US-Venezuela Conflict: Crude Oil Prices Set for Gap-Up Opening, India Unaffected
Venezuela Conflict to Spike Oil Prices, India Unscathed

Geopolitical tensions are set to roil global commodity markets as experts predict a significant surge in prices following recent US military action in Venezuela. The event, which occurred over the weekend, is expected to cause a gap-up opening for crude oil, gold, silver, and other key commodities when trading resumes on Monday, January 5.

Commodity Markets Brace for Volatility

Market analysts are sounding the alarm over potential price spikes driven by heightened uncertainty. Anuj Gupta, Director of Ya Wealth, stated that the attack is likely to fuel regional geopolitical tension, directly impacting commodity valuations. He anticipates a gap-up opening not just for crude oil, but also for gold, silver, copper, and gasoline.

Specifically for oil, Gupta forecasts that Brent Crude prices could reach between $62 and $65 per barrel on Monday. This marks a sharp rise from the previous trading session on Friday, where Brent futures closed below $61 per barrel and West Texas Intermediate (WTI) settled above $57.

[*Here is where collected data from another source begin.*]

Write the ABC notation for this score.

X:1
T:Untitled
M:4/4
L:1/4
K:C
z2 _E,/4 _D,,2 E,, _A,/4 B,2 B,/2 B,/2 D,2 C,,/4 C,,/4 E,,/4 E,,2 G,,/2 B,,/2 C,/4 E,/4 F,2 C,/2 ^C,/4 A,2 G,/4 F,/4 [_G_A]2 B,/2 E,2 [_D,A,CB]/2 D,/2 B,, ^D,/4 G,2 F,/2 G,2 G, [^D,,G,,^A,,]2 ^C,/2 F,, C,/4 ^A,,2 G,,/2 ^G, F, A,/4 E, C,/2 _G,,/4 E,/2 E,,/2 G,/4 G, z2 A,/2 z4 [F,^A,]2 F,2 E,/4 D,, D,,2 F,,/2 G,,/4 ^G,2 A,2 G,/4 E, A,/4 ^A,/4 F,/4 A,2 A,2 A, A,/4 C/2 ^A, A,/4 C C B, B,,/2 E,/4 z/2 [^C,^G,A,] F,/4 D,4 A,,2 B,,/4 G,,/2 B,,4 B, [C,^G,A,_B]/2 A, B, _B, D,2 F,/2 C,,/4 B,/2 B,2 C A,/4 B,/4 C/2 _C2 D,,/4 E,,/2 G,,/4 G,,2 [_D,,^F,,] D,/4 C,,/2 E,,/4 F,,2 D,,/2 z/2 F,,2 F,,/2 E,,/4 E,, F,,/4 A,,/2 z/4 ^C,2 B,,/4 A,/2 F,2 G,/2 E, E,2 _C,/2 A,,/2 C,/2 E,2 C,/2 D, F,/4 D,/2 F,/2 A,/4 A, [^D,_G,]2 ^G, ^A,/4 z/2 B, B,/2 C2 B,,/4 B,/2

The Petro-Dollar and Venezuela's Oil Wealth

Experts suggest the conflict has deep roots in the global oil trade and the dominance of the US dollar. Sandeep Pandey, Co-founder of Basav Capital, argues that the underlying motive for US involvement is to safeguard the petro-dollar system. He points out that Venezuela, under former President Hugo Chávez, began challenging this long-standing regime, a move that threatened US economic interests. The recent statement by former US President Donald Trump about controlling Venezuela's oil reserves is seen as a justification of this stance.

The conflict has thrown a spotlight on Venezuela's enormous, yet underutilized, oil reserves. The country possesses the world's largest proven oil reserves, estimated at over 303 billion barrels, which constitutes roughly 17% of global reserves according to OPEC data. This dwarfs the reserves of Saudi Arabia (267 billion barrels) and is more than six times that of the United States.

A significant portion of this resource lies in the Orinoco Belt, a vast region in northeastern Venezuela. Despite this wealth, years of US sanctions and chronic underinvestment have crippled production, which has fallen to approximately 1 million barrels per day.

Minimal Impact Forecast for India

Despite the anticipated global market turmoil, India is likely to remain largely insulated from the economic and energy fallout of the US-Venezuela conflict. This assessment comes from the Global Trade Research Initiative (GTRI), an India-based think tank.

GTRI notes that while India was a major buyer of Venezuelan crude in the 2000s and 2010s, with companies like ONGC Videsh having stakes in the Orinoco belt, trade relations have severely deteriorated. US sanctions imposed in 2019 forced India to halt oil imports and drastically reduce commercial engagement to avoid secondary penalties.

As a result, bilateral trade has shrunk to minimal levels. In the 2024–25 fiscal period, India's total imports from Venezuela stood at a mere $364.5 million, with crude oil accounting for $255.3 million. This represents a staggering 81.3% decline from the $1.4 billion worth of crude imported in 2023–24.

India's exports to Venezuela are also limited, totaling $95.3 million, primarily driven by pharmaceuticals worth $41.4 million. The GTRI report was released on Sunday, following the US operation that led to the detention of Venezuelan President Nicolas Maduro and his wife on charges including alleged narco-terrorism.

In conclusion, while the world watches commodity prices react to fresh geopolitical strife, India's strategic decoupling from Venezuelan oil over recent years appears to have shielded its economy from immediate direct impact.